Ya en 1837 había propuesto la construcción de aquel submarino de guerra al Perú. El gobierno de ese país dio luz verde a su proyecto, pero no aportó dinero para llevarlo a cabo. Al final no se construyó nada; fue entonces que Labandera regresó a su ciudad y materializó una versión barata y sin armamento para demostrar, al menos, que la navegación submarina era totalmente viable.

Al igual que sucedió en Perú, al Ecuador no le interesó financiar la construcción de un submarino el cual, según la premisa de su inventor, al estar "navegando entre dos aguas, pudiese ofender sin ser ofendida con artillería o con barrenos para echar a pique los buques enemigos" (**).
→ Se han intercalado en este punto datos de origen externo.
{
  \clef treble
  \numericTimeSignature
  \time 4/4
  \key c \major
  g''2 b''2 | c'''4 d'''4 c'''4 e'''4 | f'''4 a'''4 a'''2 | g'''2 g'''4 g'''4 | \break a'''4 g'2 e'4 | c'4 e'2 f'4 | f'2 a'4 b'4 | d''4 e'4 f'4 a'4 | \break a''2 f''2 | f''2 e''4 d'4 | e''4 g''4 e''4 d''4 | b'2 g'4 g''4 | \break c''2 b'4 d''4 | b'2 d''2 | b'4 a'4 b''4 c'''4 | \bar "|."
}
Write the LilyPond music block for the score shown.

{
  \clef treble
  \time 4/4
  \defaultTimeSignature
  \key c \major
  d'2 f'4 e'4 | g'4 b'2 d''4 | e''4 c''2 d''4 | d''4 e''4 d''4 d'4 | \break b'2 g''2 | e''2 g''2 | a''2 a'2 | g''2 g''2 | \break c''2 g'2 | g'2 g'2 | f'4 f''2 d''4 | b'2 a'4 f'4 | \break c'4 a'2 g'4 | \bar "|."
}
Fue recién en 1879 que el Perú retomó la idea del uso de un sumergible de combate a propósito del conflicto marítimo que en ese momento mantenía con Chile.
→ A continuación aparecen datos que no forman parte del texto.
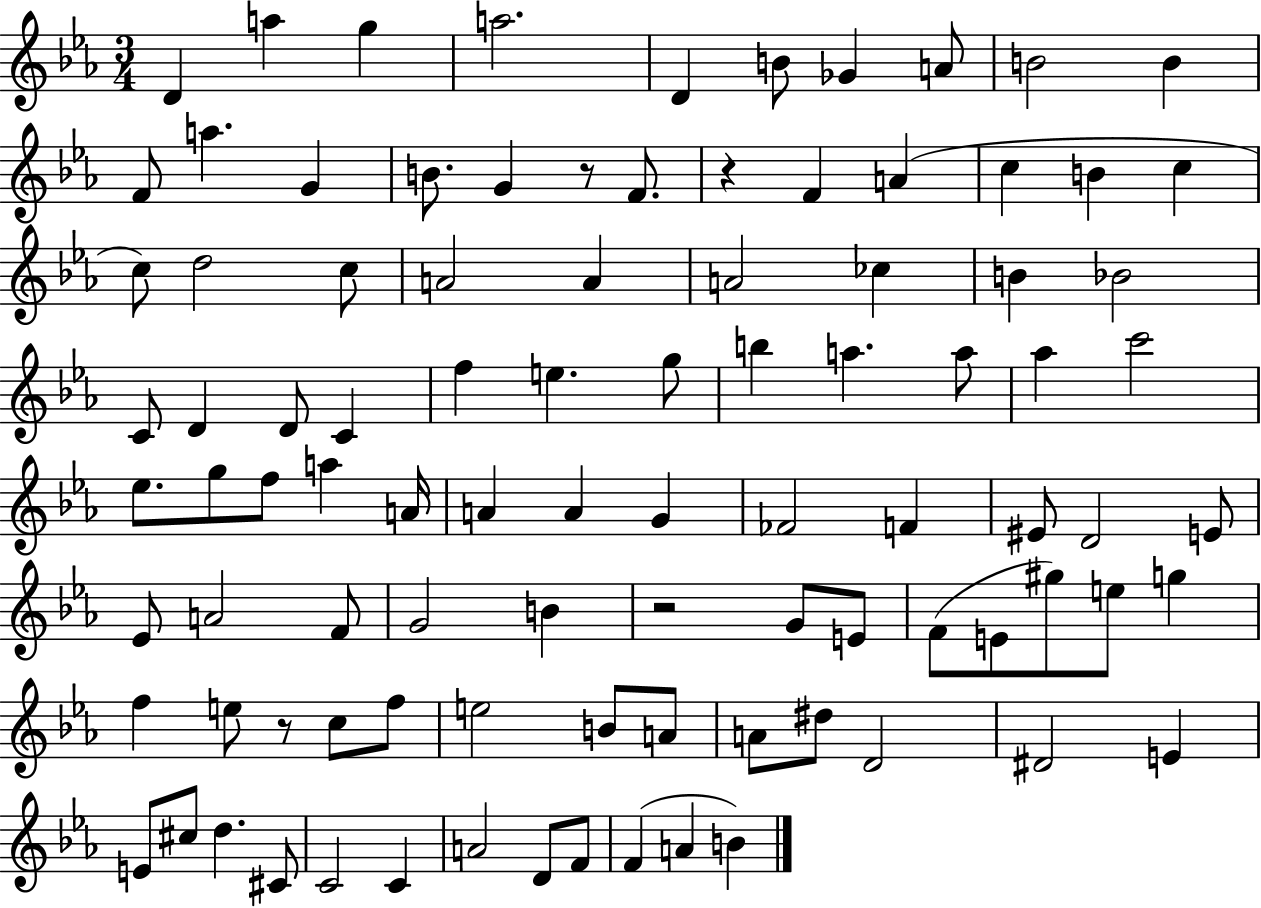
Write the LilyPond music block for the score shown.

Y es que para esa época, el escritor Julio Verne ya había popularizado en el mundo la idea de una máquina que, coincidentemente, cumplía la temprana premisa de José Rodríguez Labandera: en su novela 20.000 leguas de viaje submarino (1869), Verne imagina un formidable sumergible armado con barrenos y artillería que hundía buques enemigos sin sufrir a cambio daño alguno.

Durante la segunda mitad del siglo XIX se construyeron en el mundo varios modelos de submarinos militares que lograron hundir barcos (sobre todo en la guerra civil estadounidense), pero casi ninguno logró el doble objetivo de atacar sin sufrir ellos mismos daños catastróficos. Habría que esperar hasta el siglo XX, durante la Primera Guerra Mundial, para los primeros modelos efectivos.

Pero todo eso fue muchísimo después de que un humilde inventor guayaquileño y su ayudante emergieran como héroes de un sumergible de madera. Aquel hombre inquieto no pudo sacar provecho de su efímera fama, por lo que terminó dedicando su energía a otros proyectos. Mientras tanto, el Hipopótamo del Guayas, semi sumergido y abandonado en la orilla del Guayas, fue destruyéndose hasta disolverse por completo. Lo mismo pasó con el recuerdo de su creador y su ayudante, hasta el punto de que no sabemos ni la fecha ni el lugar en que murieron. (I)

Citas textuales:
(*) Testimonio del gobernador Vicente González aparecido en la edición número 237 del periódico El Ecuatoriano del Guayas, Guayaquil, 21 de septiembre de 1838. Hemos seguido fielmente la narración de este testigo presencial además de otra crónica periodística aparecida el mismo día en el mismo diario.

(**) Idem.

Fuentes bibliográficas:
Libro Ecuador inventó el submarino, de Carlos Romo Dávila (Quito, 1980)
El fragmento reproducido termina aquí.